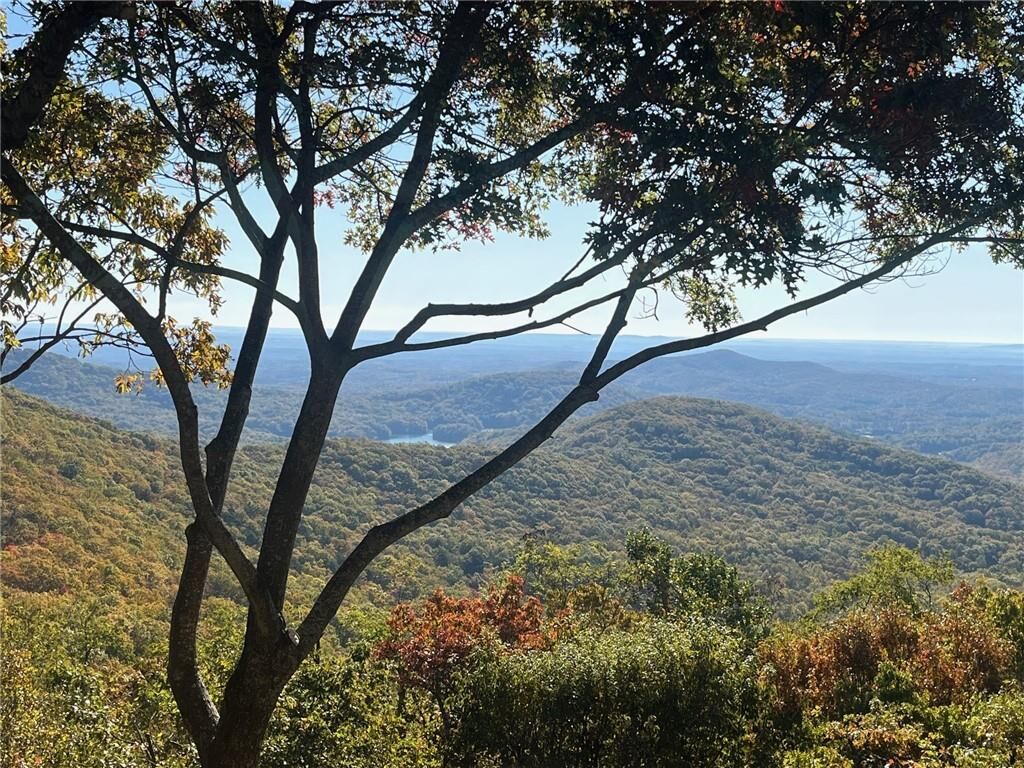 Property Photo:  79 Strawberry Way  GA 30143 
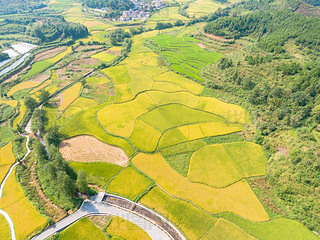 òSr(nng)I(y)NֲĔzӰD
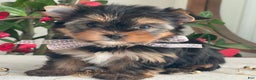 Yorkshire Terrier dogs for sale: Paisley - Ad 5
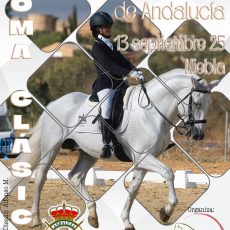 🗓️13 De septiembre CDT XI COPA DE ANDALUCÍA DOMA CLÁSICA, PARALÍMPICA, PONIS Y AMAZONAS. C.H. Mariano Orta, Niebla (Huelva).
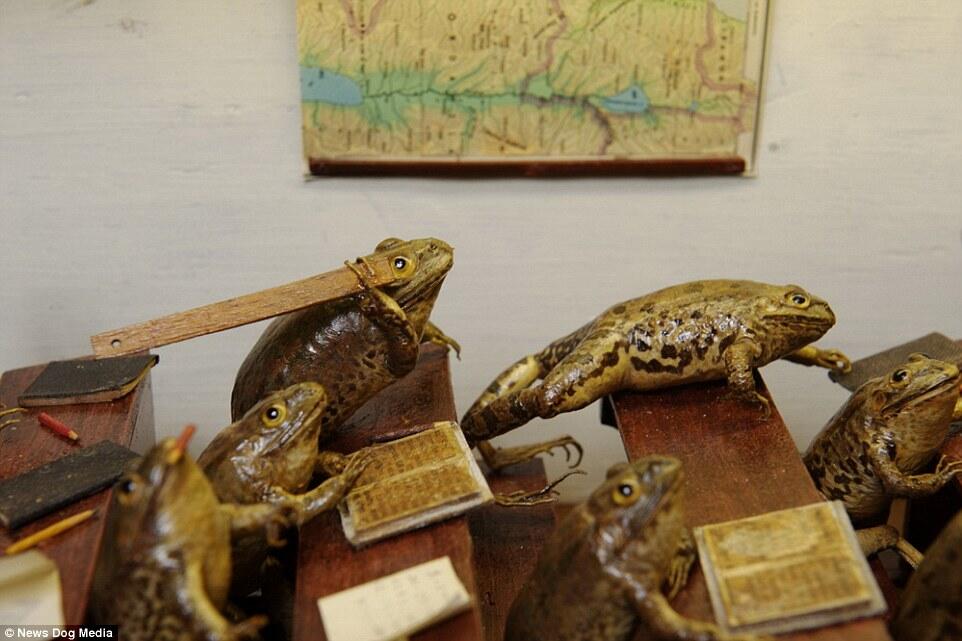 Mungkin begini jadinya andai manusia menjadi katak ! Wow
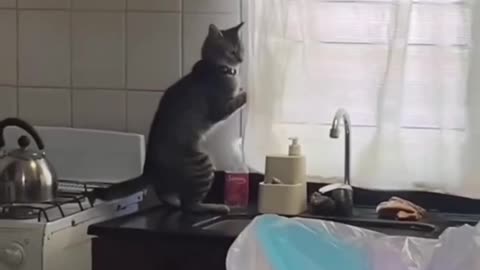 That noise sent me 😭🐾 😂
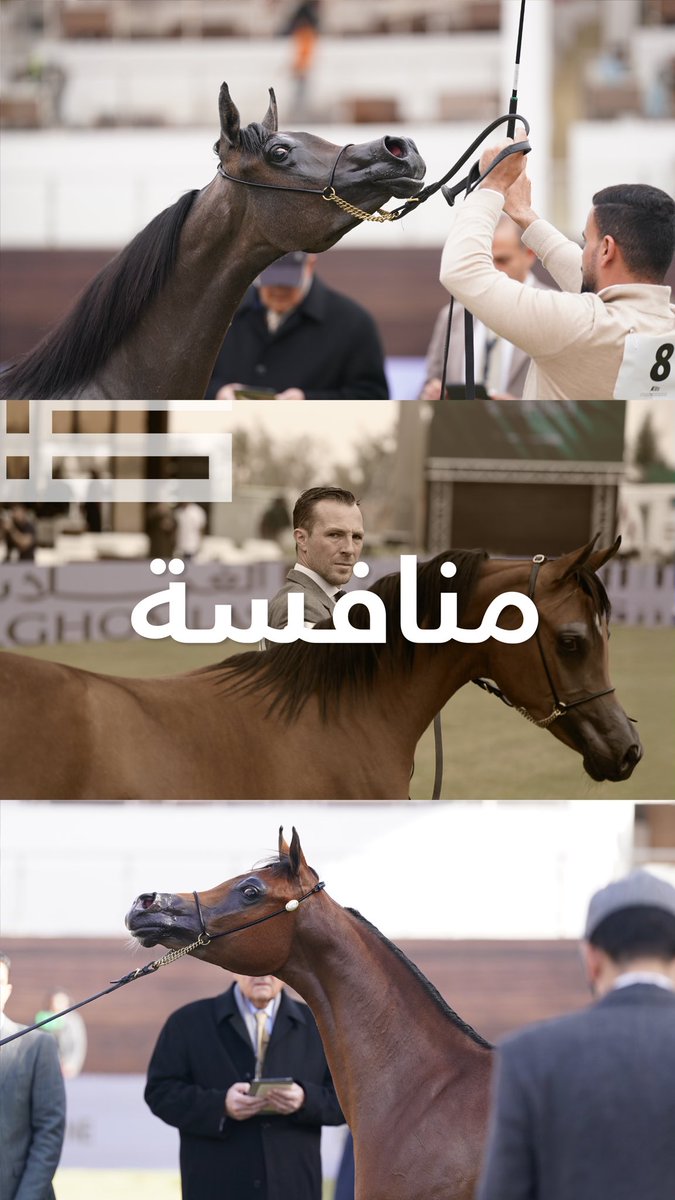 PSAIAHF | مهرجان الأمير سلطان tweet media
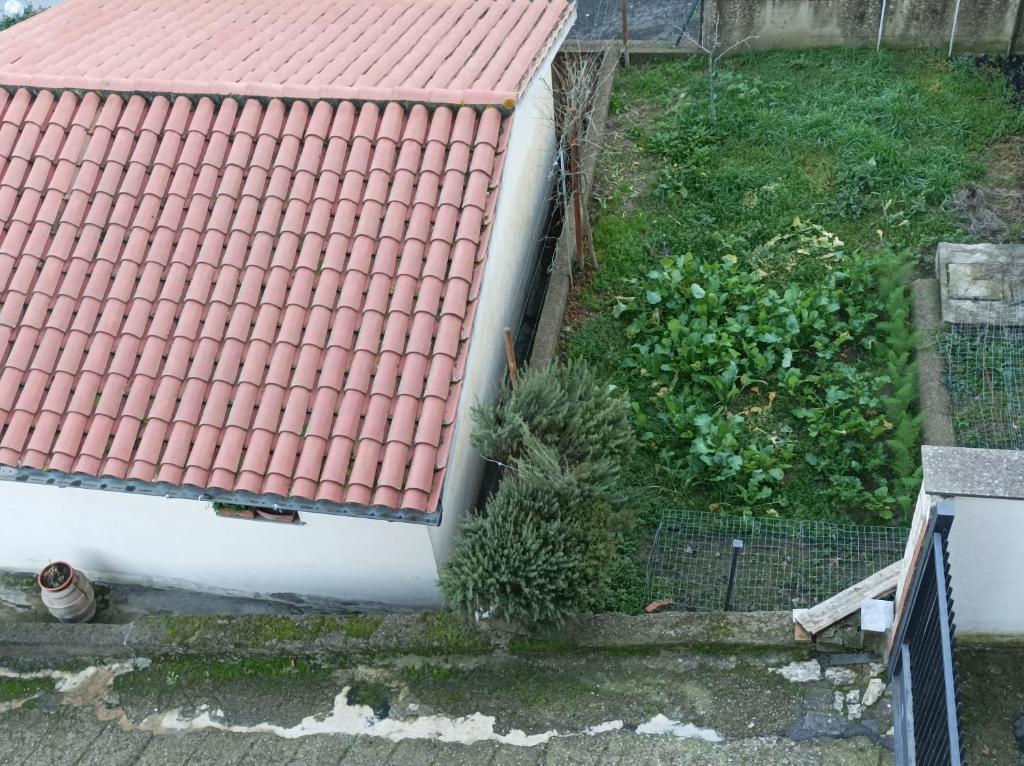 A garden outside Affittacamere Piagge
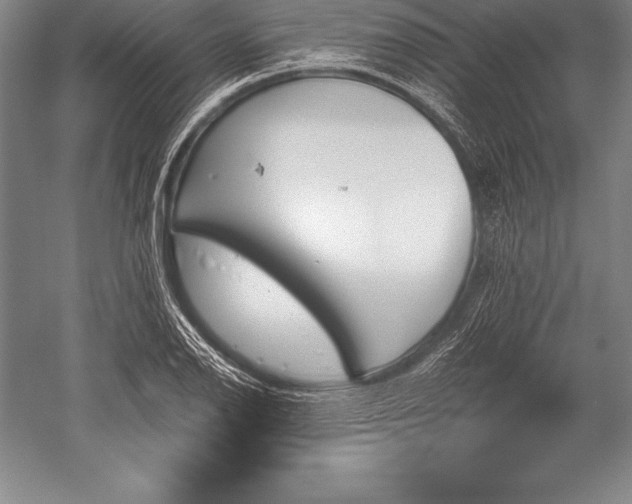 X0000052611126200507081839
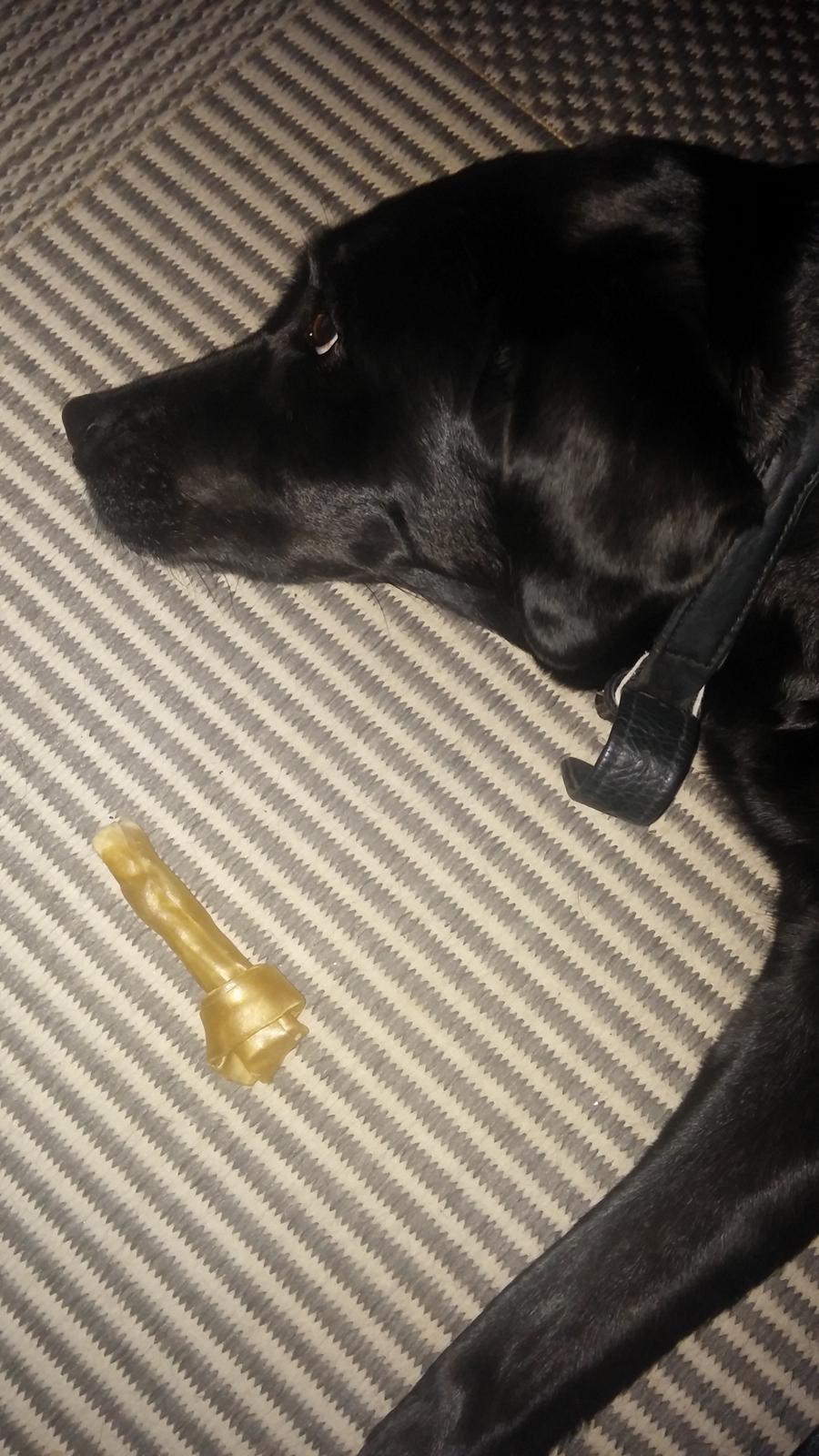 Labrador retriever Nala - kødben  billede 17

________

## ASSIGNMENT
What is needed is an exact repeat of only the lines from the one containing "Orta, Niebla (Huelva)." through the last line of the listing above, both ends included, without the pictures.

## EXPECTED OUTPUT
 🗓️13 De septiembre CDT XI COPA DE ANDALUCÍA DOMA CLÁSICA, PARALÍMPICA, PONIS Y AMAZONAS. C.H. Mariano Orta, Niebla (Huelva).
 Mungkin begini jadinya andai manusia menjadi katak ! Wow
 That noise sent me 😭🐾 😂
 PSAIAHF | مهرجان الأمير سلطان tweet media
 A garden outside Affittacamere Piagge
 X0000052611126200507081839
 Labrador retriever Nala - kødben  billede 17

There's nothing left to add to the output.